Christine M. Stracey

Ph.D. Candidate
Department of Biology and
Florida Museum of Natural History

Research Interests

As an urban ecologist, the goal of my research is to understand how nature works in places where people live and work.  As the area and density of urban environments is increasing, so too is the recognition amongst ecologists that urban environments represent unique opportunities to study ecosystems, communities, populations, and individual organisms in novel landscapes. While many species are adversely affected by urbanization, some species are more abundant in urban and suburban habitats than in more natural areas. The fact that certain species, including some native species, are able to utilize and even flourish in urban settings highlights the potential importance of urban ecosystems in the conservation of biodiversity. Urban ecosystems will never replace or surpass the value of pristine nature reserves for the conservation of biodiversity, but they do provide some unique conservation opportunities. In particular, biodiversity in urban habitats provides vital opportunities to address the “extinction of experience”, in which people living in cities are disconnected from nature and thus do not value it.

In order for urban planners to fully utilize the potential of urban ecosystems, ecologists must first understand the mechanisms that structure urban populations and communities.
 My research, therefore, focuses on urban adapters and exploiters, and I am interested in determining the characteristics of these species that enable them to successfully inhabit urban and suburban environments.  I investigate this question on multiple scales - from changes in individual behavior to community-wide patterns associated with living in towns and cities.

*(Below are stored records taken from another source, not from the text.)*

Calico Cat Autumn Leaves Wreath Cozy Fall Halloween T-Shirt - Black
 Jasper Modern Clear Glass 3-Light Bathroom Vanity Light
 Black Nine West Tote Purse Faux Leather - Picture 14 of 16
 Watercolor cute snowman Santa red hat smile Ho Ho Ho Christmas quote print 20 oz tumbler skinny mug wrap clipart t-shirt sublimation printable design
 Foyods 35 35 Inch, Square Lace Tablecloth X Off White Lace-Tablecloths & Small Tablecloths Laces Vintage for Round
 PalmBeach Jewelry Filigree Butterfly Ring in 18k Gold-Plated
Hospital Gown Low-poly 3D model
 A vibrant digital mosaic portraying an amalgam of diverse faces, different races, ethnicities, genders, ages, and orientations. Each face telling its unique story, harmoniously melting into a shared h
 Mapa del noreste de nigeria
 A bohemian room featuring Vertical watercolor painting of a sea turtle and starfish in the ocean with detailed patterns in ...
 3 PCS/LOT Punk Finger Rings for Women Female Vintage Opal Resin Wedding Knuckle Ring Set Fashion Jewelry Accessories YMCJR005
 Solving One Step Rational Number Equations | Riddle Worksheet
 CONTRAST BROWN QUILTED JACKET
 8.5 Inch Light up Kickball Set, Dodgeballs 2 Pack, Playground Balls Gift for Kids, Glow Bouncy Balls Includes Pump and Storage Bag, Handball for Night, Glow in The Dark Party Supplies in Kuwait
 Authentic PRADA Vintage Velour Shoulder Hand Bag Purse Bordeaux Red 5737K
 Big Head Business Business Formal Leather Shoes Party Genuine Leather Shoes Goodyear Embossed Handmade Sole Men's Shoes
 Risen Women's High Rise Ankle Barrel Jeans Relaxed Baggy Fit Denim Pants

For more information, study results, and cool nest videos please see Mockingbird Research.

Teaching Philosophy

My goals for my students are to provide them with factual knowledge and practical skills, facilitate their intellectual growth, and fully engage them in the process of science.  I believe the best way to teach the process of science is to allow students to participate in original research both in the classroom and through independent projects.  In labs I expect students to formulate their own hypotheses and predictions, as well as to help design the experiments as opposed to following the traditional “cookbook” lab manuals.  Giving students the responsibility of working through this inquiry-based process introduces them to the types of factors that need to be considered when designing experiments and helps them appreciate the idea that there is more than one way to do things.  A critical component of science, which is often under-appreciated by students, is the publication of results.  Therefore, I expect my students to use the primary literature, and whenever possible, strive to contribute to that literature.

Mentoring Philosophy

I have three main goals for the undergraduate students that I mentor.  I help my students to accomplish these by working with them on original research projects and holding weekly lab meetings in which we focus on these topics.

1) To fully engage my students in the process of science.  By allowing students to participate in each step in the process of answering a question, they have the opportunity to experience the creativity of hypothesis generation and the development of methods, the frustrations and failures of data collection, and the thrills of discovery.

2) To help my students to develop critical thinking skills. I encourage students to challenge themselves and others in a constructive manner. Experimental design and study limitations are important considerations in this evaluation and are frequent topics of discussion in my lab group.  Critical evaluation is important not only for science, but also in every day life, as students are confronted with media coverage and advertisements that are constantly making claims.


3) To teach my students to communicate effectively.  Scientists need to be able to communicate in a concise and clear manner with other scientists and also with non-scientists.  I encourage my students to obtain practice in oral communication by telling their family and friends about their research projects.  I also expect students to present their ideas and results to our lab group and at a conference.  They are expected to write a proposal on their research and a manuscript on their results on which I provide feedback.


The research experience is important to help students who are considering careers in science to evaluate if research is right for them.  Furthermore, all the skills they gain working on their research projects, from the ability to communicate to the increase in self confidence, will translate into important life skills no matter what direction their lives ultimately take.